Tag Archives: book review

Book Review of Into the Drowning Deep, by Mira Grant

I borrowed an audio copy of Mira Grant‘s Into the Drowning Deep through Hoopla.

Description from Goodreads:

The ocean is home to many myths,
But some are deadly…

Seven years ago the Atargatis set off on a voyage to the Mariana Trench to film a mockumentary bringing to life ancient sea creatures of legend. It was lost at sea with all hands. Some have called it a hoax; others have called it a tragedy.

Now a new crew has been assembled. But this time they’re not out to entertain. Some seek to validate their life’s work. Some seek the greatest hunt of all. Some seek the truth. But for the ambitious young scientist Victoria Stewart this is a voyage to uncover the fate of the sister she lost.

Whatever the truth may be, it will only be found below the waves.

But the secrets of the deep come with a price.

Review:

These are mermaids of the old stories, the mermaids of nightmares, the mermaids closer to sirens that Ariel. And I loved them. Or well, not them, but the story around them. Yes, as others have commented, the book is on the slow side. Keeping the suspense high at the expense of pace. But I appreciated that. I also appreciated the love in various forms (familial, platonic, queer, straight, and strained). I liked that an autistic character got to be a hero and that somehow Mira Grant made me feel sorry for an endangered species hunting psychopath (that couldn’t have been easy). All in all, I really quite enjoyed this.

Saman

Book Review of Saman, by Ayu Utami

Saman, by Aya Utami is one of those paperbacks that has been on my shelf so long that I no longer remember how it got there. I’m imagine I bought it at some point, perhaps someone left it in the Little Free Library, I don’t know.

Description from Goodreads:

Saman is a story filtered through the lives of its feisty female protagonists and the enigmatic “hero” Saman. It is at once an expose of the oppression of plantation workers in South Sumatra, a lyrical quest to understand the place of religion and spirituality in contemporary lives, a playful exploration of female sexuality and a story about love in all its guises, while touching on all of Indonesia’s taboos: extramarital sex, political repression and the relationship between Christians and Muslims. 

Review:

I think maybe a lot of this just went over my head. I loved Saman as a character and I liked the others well enough. I recognized the thread that held them all together as a cast. I appreciate that the book pushed boundaries when published in Indonesia, touching on the cruelty and oppression in famers’ lives, repressive sexual attitudes, religion, transmigration and politics, etc. But in the actual reading of it, I thought the whole thing felt disjointed. At one point (about halfway through) I actually turned the book over to reread the synopsis to ensure it wasn’t actually a series of interconnected short stories. And the little twist at the end (especially the last two emails) came so out of left field that I was left baffled. For all that, there is some beautiful writing here and Saman is a character you can’t help but root for.

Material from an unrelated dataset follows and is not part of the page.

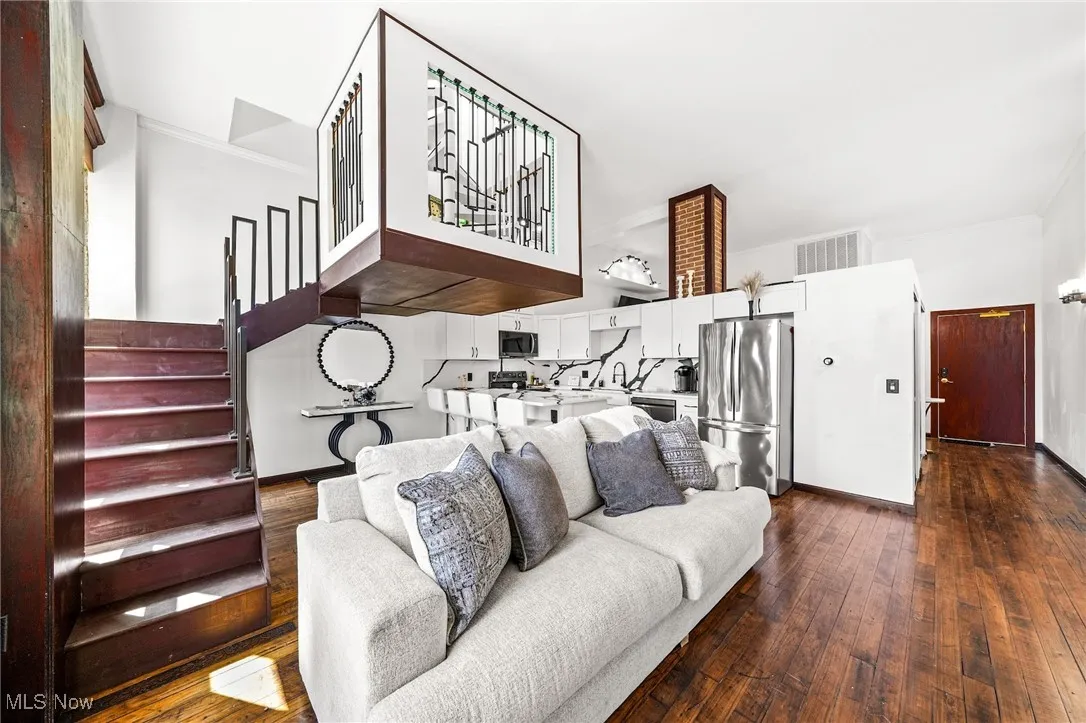 Living area featuring ornamental molding, dark wood-style floors, and stairway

Book Review of Normal, by Warren Ellis

I borrowed a copy of Warren EllisNormal from the local library.

Description from Goodreads:

Some people call it “abyss gaze.” Gaze into the abyss all day and the abyss will gaze into you.

There are two types of people who think professionally about the future: Foresight strategists are civil futurists who think about geoengineering and smart cities and ways to evade Our Coming Doom; strategic forecasters are spook futurists, who think about geopolitical upheaval and drone warfare and ways to prepare clients for Our Coming Doom. The former are paid by nonprofits and charities, the latter by global security groups and corporate think tanks.

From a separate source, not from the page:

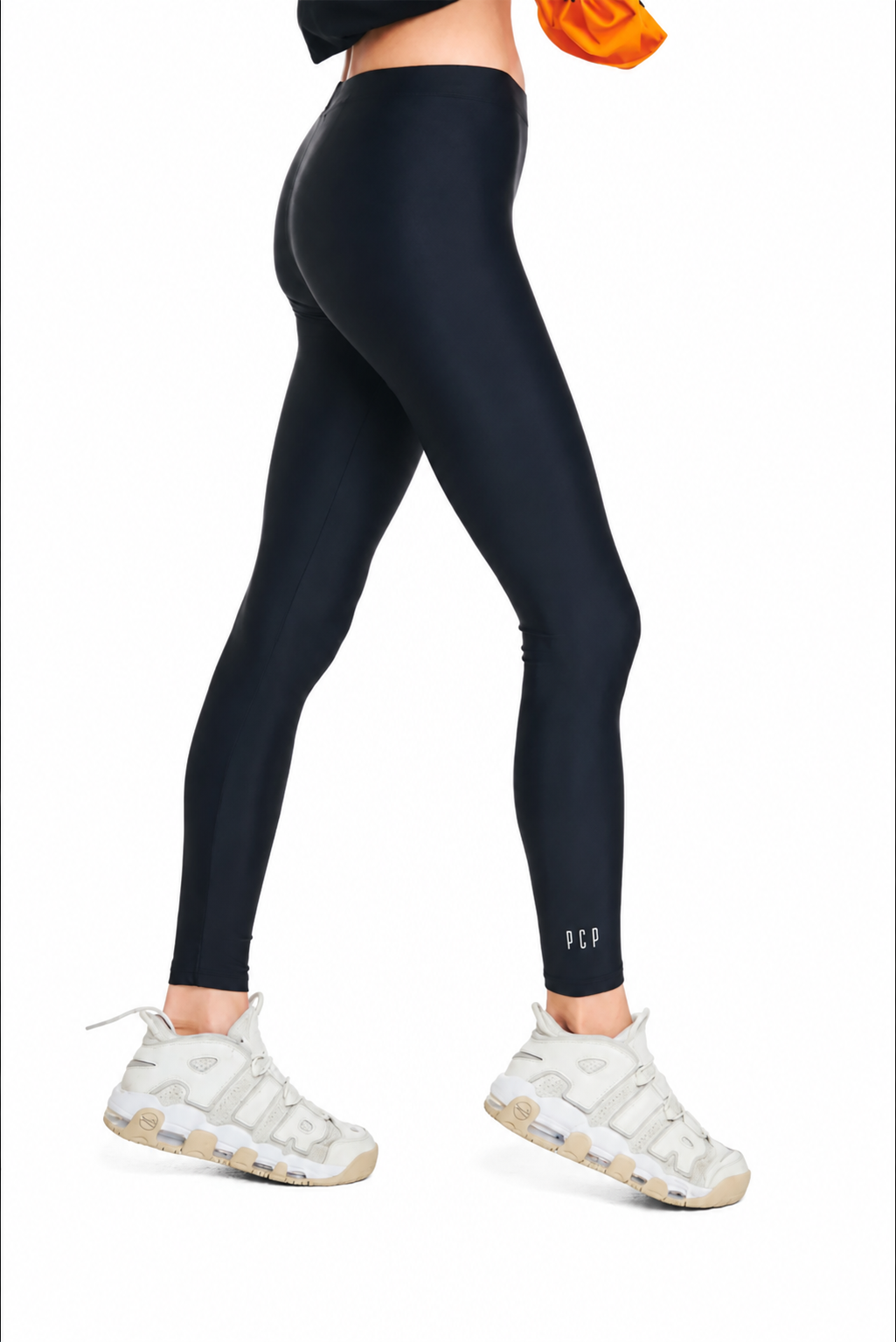 A model from the waist down wearing black high-waisted leggings with a small white logo on the lower left leg, paired with white sneakers, against a plain white background.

For both types, if you’re good at it, and you spend your days and nights doing it, then it’s something you can’t do for long. Depression sets in. Mental illness festers. And if the abyss gaze takes hold there’s only one place to recover: Normal Head, in the wilds of Oregon, within the secure perimeter of an experimental forest.

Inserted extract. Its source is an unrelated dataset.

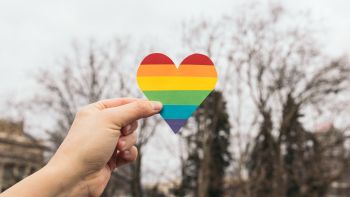 Hand holding paper heart in rainbow colours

When Adam Dearden, a foresight strategist, arrives at Normal Head, he is desperate to unplug and be immersed in sylvan silence. But then a patient goes missing from his locked bedroom, leaving nothing but a pile of insects in his wake. A staff investigation ensues; surveillance becomes total. As the mystery of the disappeared man unravels in Warren Ellis’s Normal, Adam uncovers a conspiracy that calls into question the core principles of how and why we think about the future–and the past, and the now.

Review:

I read this in one sitting and really enjoyed it. I liked the way you could feel how fragile Adam is and how aware of their own brokenness the other inmate/patients are. The book also manages to pack quite a lot of commentary on the current-future state of earth and society into a small number of pages, largely without ever overtly speaking to any individual topic.